At the beginning of June, Old Ottawa East residents and the city met to discuss the design for a park to be included in development of the Oblates lands adjacent to Saint Paul University.

Organizers presented possible layouts.

The city proposed a park with a large farmers market (32, 52, or 80 stalls), a small entrance, site furniture and trees. Officials also recommended the site include one main feature, ideas for which were posted around the room, as well as several heritage features.

Jessica Pelacios of engineering firm Novatech told residents that temperature and shade had to be considered. A northwest wind blows through the area, which might make things a little chilly. At the same time, even with the large number of trees the city intends to plant, the space will likely lack shade.

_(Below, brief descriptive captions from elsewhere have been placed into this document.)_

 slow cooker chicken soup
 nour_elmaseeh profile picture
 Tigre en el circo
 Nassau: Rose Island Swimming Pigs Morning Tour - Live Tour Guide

Pelacios explained some of the trees currently surrounding the area are in very poor, even dangerous condition. They must be removed. The trees that will replace them are expected to be large. They might interfere with the root system of remaining trees.

She suggested this might mean removal of all trees. The city would replace them with new ones. Special grass is to be installed, strong enough to withstand parked vehicles.

The city indicated it was taking the division of public and private space seriously. As many as 1000 new units will go into the new development.

Participants at the meeting broke off into discussion groups to tackle what people did and did not like about ideas the city had set out.

Green space was very important to most participants.

“This is our only new park,” one said. “Don’t pave it!”

Elements that encouraged activity, such as tables for ping-pong and chess, as well as grassy areas for bocce or Frisbee also won residents’ favour. People wanted a stage for special events.

Many were fond of the idea of a 10 x 25-metre splash pad. A few recommended the splash pad convert into a skating rink in winter.

Not all questions could be resolved. Issues such as parking and the separation of pedestrians and cyclists remained. People couldn’t answer whether park seating should be temporary or permanent or whether a large farmers market might have a negative impact on nearby outdoor cafés.

Plans were to be finalized at the end of June.